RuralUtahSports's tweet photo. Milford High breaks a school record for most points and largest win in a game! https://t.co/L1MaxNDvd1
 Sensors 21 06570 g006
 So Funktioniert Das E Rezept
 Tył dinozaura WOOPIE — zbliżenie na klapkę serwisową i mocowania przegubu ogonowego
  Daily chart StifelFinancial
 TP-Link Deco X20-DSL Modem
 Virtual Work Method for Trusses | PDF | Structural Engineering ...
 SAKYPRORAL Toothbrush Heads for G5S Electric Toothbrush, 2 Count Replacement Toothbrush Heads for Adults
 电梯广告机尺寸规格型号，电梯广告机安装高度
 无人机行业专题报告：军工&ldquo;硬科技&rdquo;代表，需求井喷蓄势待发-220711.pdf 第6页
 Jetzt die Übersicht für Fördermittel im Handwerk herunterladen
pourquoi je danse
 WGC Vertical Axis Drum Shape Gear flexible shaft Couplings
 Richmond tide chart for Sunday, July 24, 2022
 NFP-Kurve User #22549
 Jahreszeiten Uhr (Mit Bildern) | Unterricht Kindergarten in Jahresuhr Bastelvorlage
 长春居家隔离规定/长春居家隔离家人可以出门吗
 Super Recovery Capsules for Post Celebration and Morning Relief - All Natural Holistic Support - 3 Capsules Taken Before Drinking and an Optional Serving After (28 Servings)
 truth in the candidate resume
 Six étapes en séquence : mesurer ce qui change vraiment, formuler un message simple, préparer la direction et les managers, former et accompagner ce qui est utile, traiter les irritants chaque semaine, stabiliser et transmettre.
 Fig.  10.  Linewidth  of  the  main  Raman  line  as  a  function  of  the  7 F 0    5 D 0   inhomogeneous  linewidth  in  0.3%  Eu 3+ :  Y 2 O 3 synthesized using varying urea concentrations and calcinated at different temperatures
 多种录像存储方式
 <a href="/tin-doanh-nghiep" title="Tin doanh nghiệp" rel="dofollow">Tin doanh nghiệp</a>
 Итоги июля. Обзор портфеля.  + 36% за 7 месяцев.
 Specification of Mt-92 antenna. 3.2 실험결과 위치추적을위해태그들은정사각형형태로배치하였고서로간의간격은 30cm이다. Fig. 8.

- **Work request**: Your answer must consist solely of the lines from the one containing "NFP-Kurve User #22549" through the last line of the entries, reproduced exactly.

- **Response**:
 NFP-Kurve User #22549
 Jahreszeiten Uhr (Mit Bildern) | Unterricht Kindergarten in Jahresuhr Bastelvorlage
 长春居家隔离规定/长春居家隔离家人可以出门吗
 Super Recovery Capsules for Post Celebration and Morning Relief - All Natural Holistic Support - 3 Capsules Taken Before Drinking and an Optional Serving After (28 Servings)
 truth in the candidate resume
 Six étapes en séquence : mesurer ce qui change vraiment, formuler un message simple, préparer la direction et les managers, former et accompagner ce qui est utile, traiter les irritants chaque semaine, stabiliser et transmettre.
 Fig.  10.  Linewidth  of  the  main  Raman  line  as  a  function  of  the  7 F 0    5 D 0   inhomogeneous  linewidth  in  0.3%  Eu 3+ :  Y 2 O 3 synthesized using varying urea concentrations and calcinated at different temperatures
 多种录像存储方式
 <a href="/tin-doanh-nghiep" title="Tin doanh nghiệp" rel="dofollow">Tin doanh nghiệp</a>
 Итоги июля. Обзор портфеля.  + 36% за 7 месяцев.
 Specification of Mt-92 antenna. 3.2 실험결과 위치추적을위해태그들은정사각형형태로배치하였고서로간의간격은 30cm이다. Fig. 8.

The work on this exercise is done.